- [WORK ORDER]
Reproduce every record below exactly as written, but leave out any pictures.

** DATA follows **

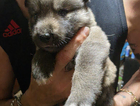puppy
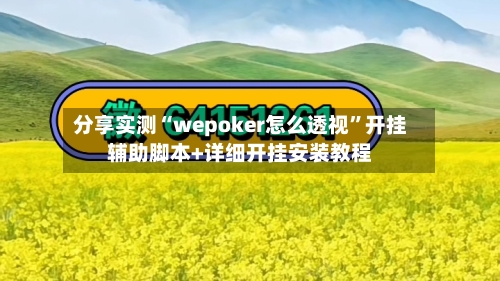 分享实测“wepoker怎么透视”开挂辅助脚本+详细开挂安装教程-第3张图片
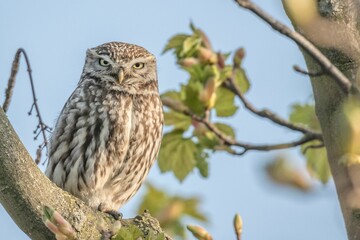 Little owl perched on a branch in a tree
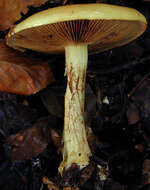 Image of Cortinarius elegantissimus Rob. Henry 1989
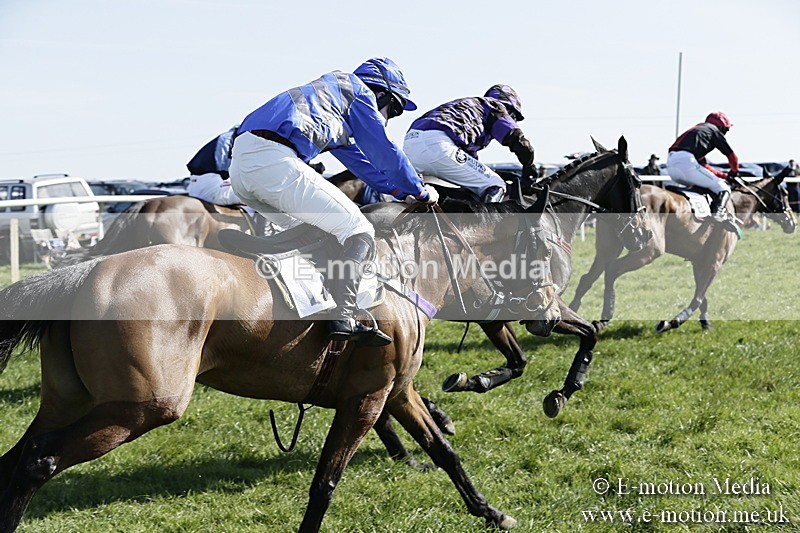 PtP 260317 229 - Mendip Farmers Point-to-Point Ston Easton 26/03/17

** End of DATA **

- [OUTPUT OF THE EXERCISE]
puppy
 分享实测“wepoker怎么透视”开挂辅助脚本+详细开挂安装教程-第3张图片
 Little owl perched on a branch in a tree
 Image of Cortinarius elegantissimus Rob. Henry 1989
 PtP 260317 229 - Mendip Farmers Point-to-Point Ston Easton 26/03/17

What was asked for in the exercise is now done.